Friday, June 27, 2014

Pseudoscience of Dr. Oz

. . Recently, the Senate Subcommittee on Consumer Protection convened a hearing on “Protecting Consumers from False and Deceptive Advertising of Weight-Loss Products.” In attendance was Dr. Mehmet Oz of daytime television, whom Senator Claire McCaskill (D-MO) grilled about his claims about the many questionable weight loss “miracle” cures he has peddled on his show. She reproached him for the false hope he peddles with his “flowery rhetoric.”
. . She added, quite bluntly, “the scientific community is almost monolithic against you in terms of the efficacy of those three products that you called miracles.”

. . Oz has frequently employed the words “miracle,” “magic,” or “revolutionary” when promoting weight loss methods, words that Medical experts would never use in a scientific paper.  Furthermore,  anyone claiming something is miraculous uses it as a ploy to ensnare the gullible. And yet, Oz, who holds degrees from two Ivy League schools and has a professorship at Columbia, commands a massive amount of authority, respect, and influence which Senator McCaskill acknowledged in her plea for him to be more responsible. A study has shown that poor women are much more likely to get their medical advice from television as opposed to physicians or even the Internet.
. . Oz conceded that, referencing green coffee extract, one of his weight loss products, “I’m not going to argue it would pass FDA muster if it were a drug seeking approval,” and “I recognize oftentimes they don’t have the scientific muster to present as fact.” Yet, he supports these drugs while knowing that they do not stand up to scientific scrutiny.
. . Oz feels his job on The Dr. Oz Show “is to be a cheerleader for the audience.” McCaskill retorted that he was selling “false hope.” Oz even tried to compare his miracle cures to prayer, while conceding that he “can’t prove that prayer helps people survive an illness.” Senator McCaskill responded, "A least prayer is free.”
. . Frauds and con-artists are well aware of the surge in popularity of the products Oz endorses and so covet his endorsements, creating a phenomenon known as “the Oz effect,” which scams misinformed people.
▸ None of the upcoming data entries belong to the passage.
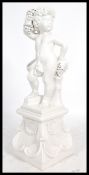 A large floor standing ceramic statue of a cherub / putti holding a bunch of grapes. Set over a
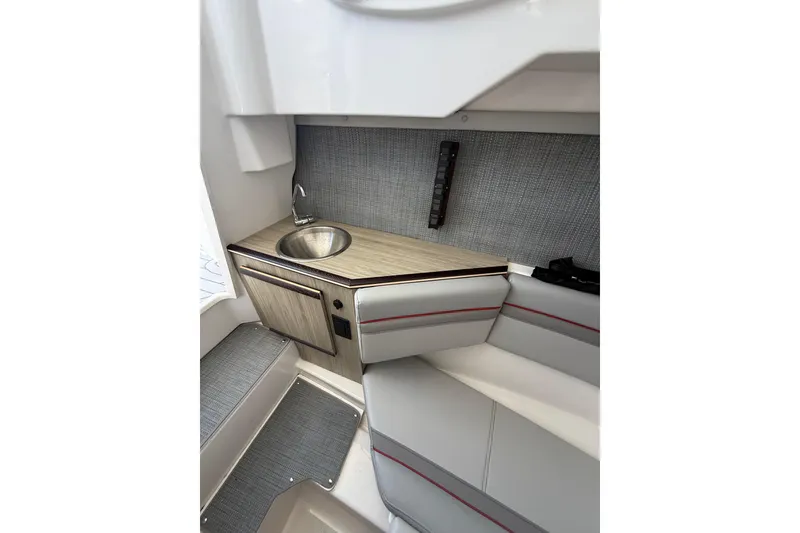 Slide: The Image of 2024 Solara S-250 CW interior with compact kitchenette and seating area. - 28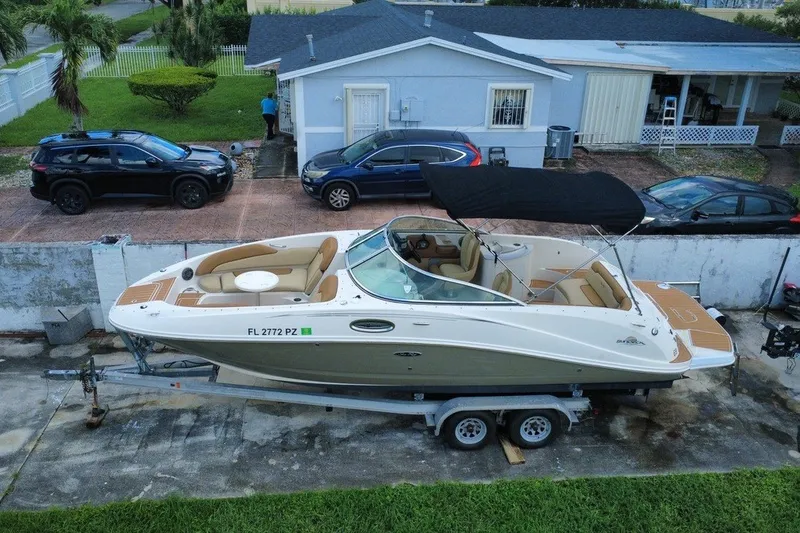 Slide: The Image of 2007 Sea Ray 260 Sundeck boat on trailer, parked in residential driveway. - 12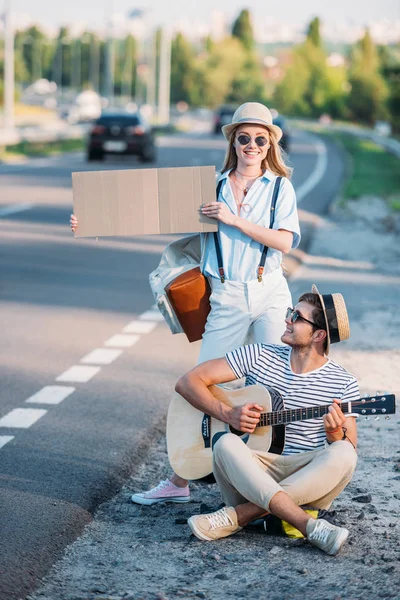 Couple hitchhiking together — Stock Photo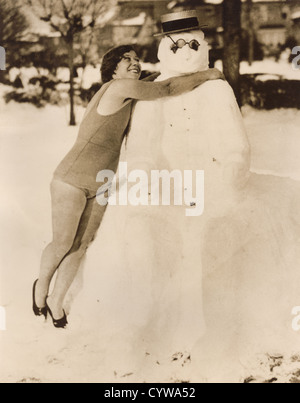 Vintage 1930's press photo of young woman hugging snowman avant d'aller dans l'eau pour nager, Manhattan Beach, New York, États-Unis Banque D'Images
Our world is saturated more than ever with quacks like Dr. Oz, in which a healthy dose of skepticism is necessary more than ever. Celebrity often promises effortless results and contradicts that getting healthy is the result of human understanding, hard work, discipline, and determination, not simply a “miracle in a bottle.”
. . The understanding that the scientific method and education is necessary so that people can see through the pseudo-science that permeates the media. Medical practice should be based on science. Hopefully this hearing will cause people to start paying attention and expose the frauds, such as Oz.